> [Work to be completed]:
For this exercise, retype all the data exactly and exclude every image.

.....

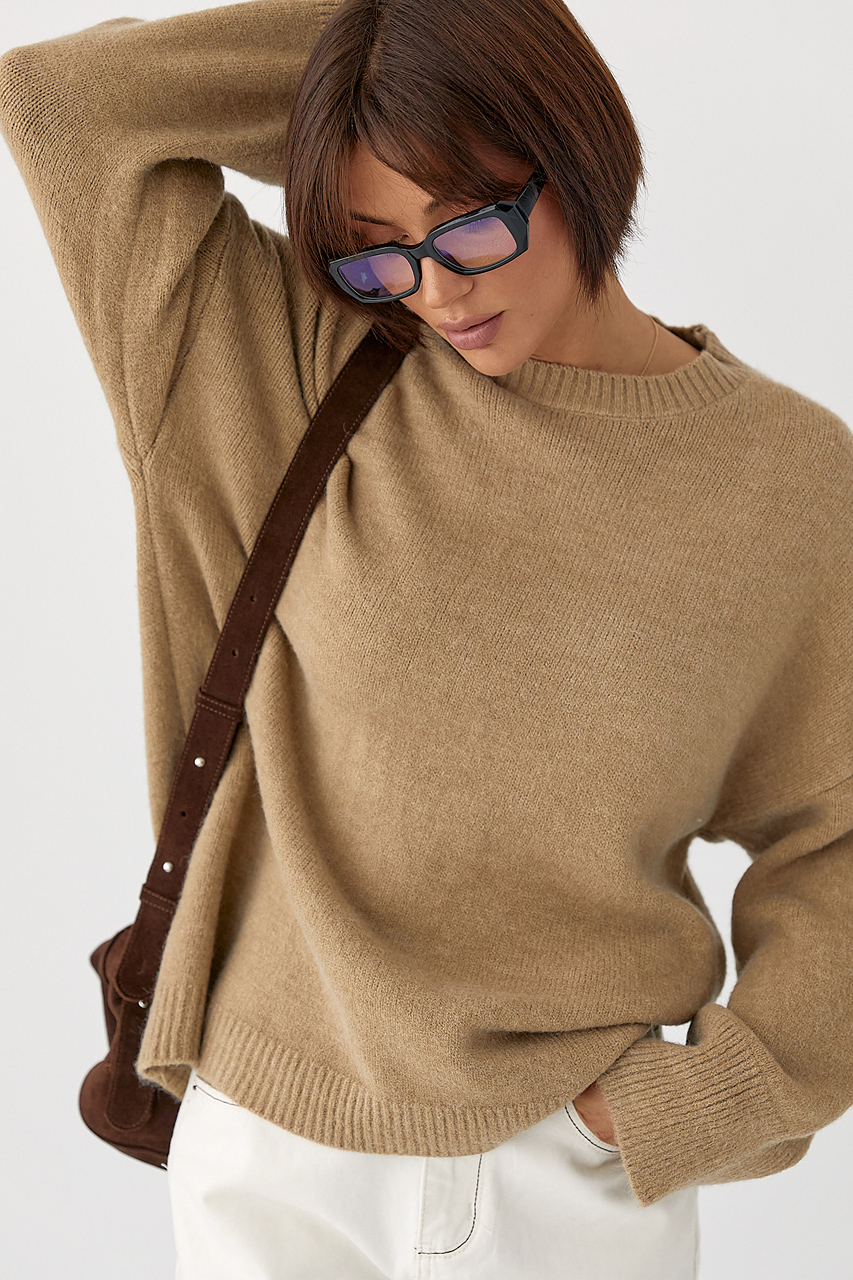 В’язаний однотонний джемпер вільного фасону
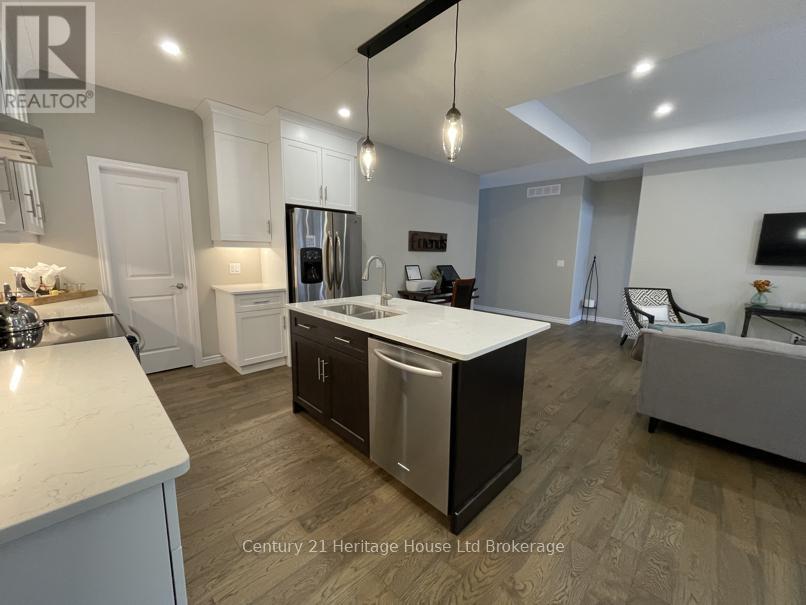 22 Matheson Crescent, East Zorra-Tavistock, Ontario N0J 1M0 - Photo 41 - X12164664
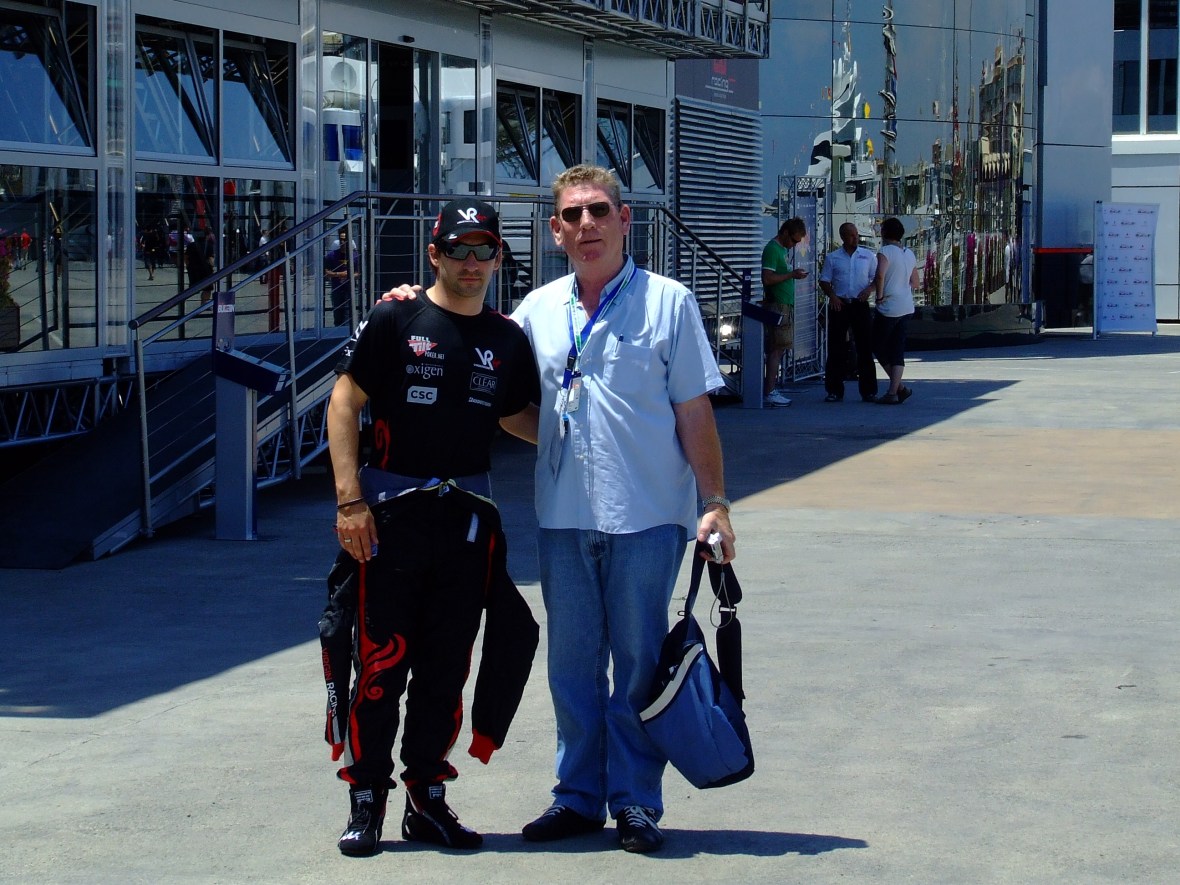 Tony Driver Interaction @ Valencia, pics by @p2pc2e and some random dudes, like the one with Alonso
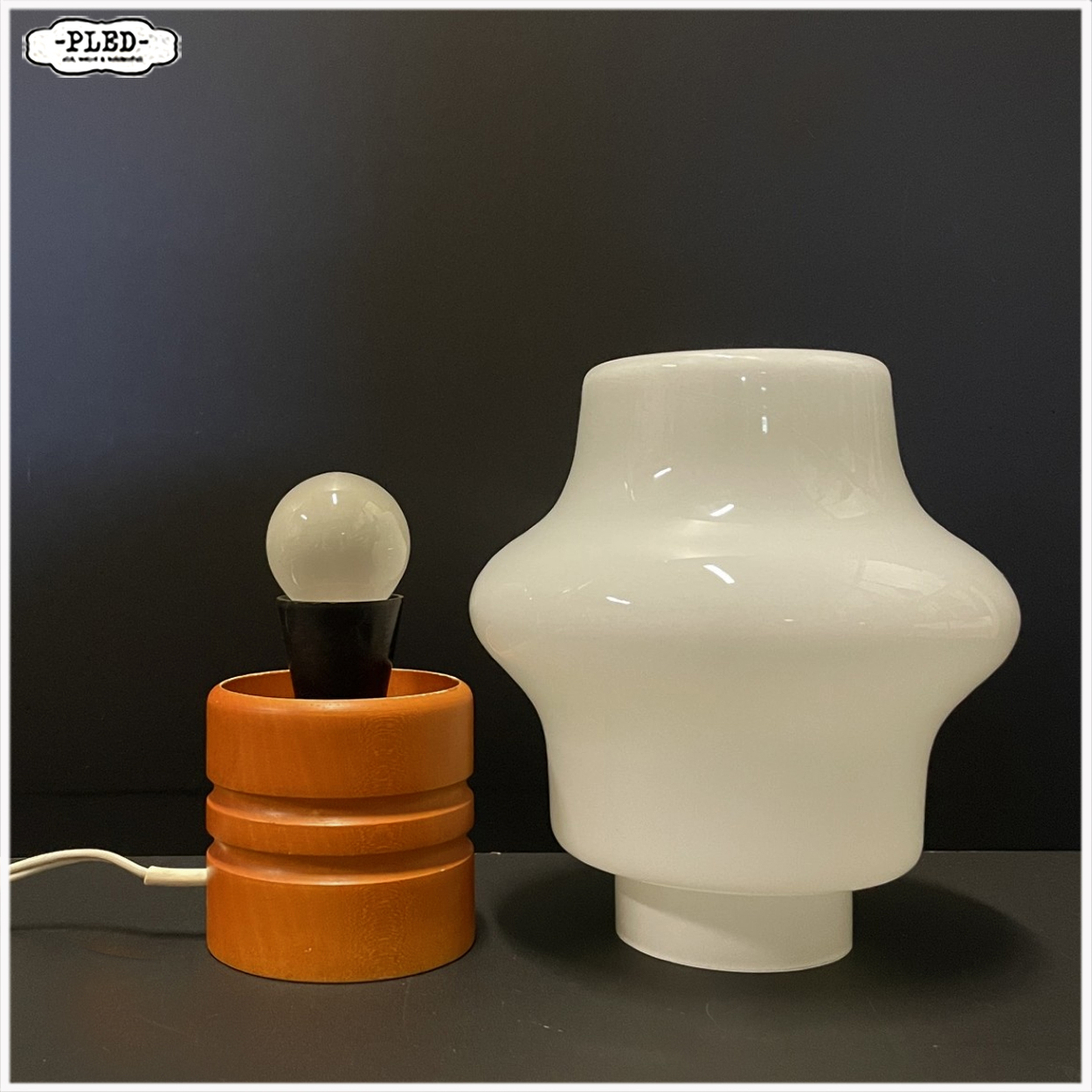 Vintage opaline tafellamp met houten voet - Afbeelding 7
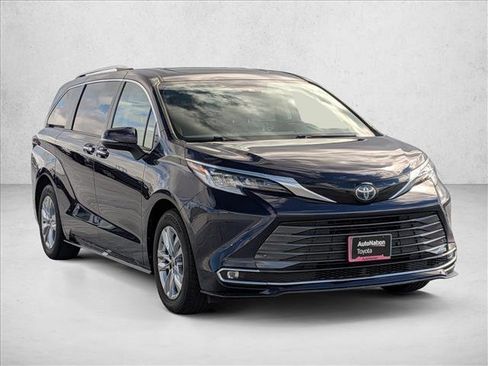 Certified 2023 Toyota Sienna Limited image 3
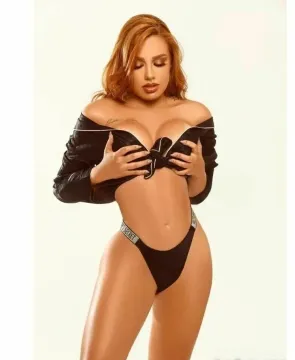 JULIA IN PLYMOUTH MEETING Escorts
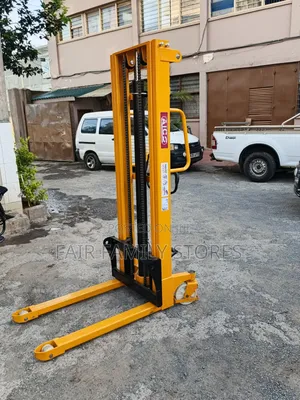 1.5 Tone Manuel Stacker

.....

> [Result]:
 В’язаний однотонний джемпер вільного фасону
 22 Matheson Crescent, East Zorra-Tavistock, Ontario N0J 1M0 - Photo 41 - X12164664
 Tony Driver Interaction @ Valencia, pics by @p2pc2e and some random dudes, like the one with Alonso
 Vintage opaline tafellamp met houten voet - Afbeelding 7
 Certified 2023 Toyota Sienna Limited image 3
 JULIA IN PLYMOUTH MEETING Escorts
 1.5 Tone Manuel Stacker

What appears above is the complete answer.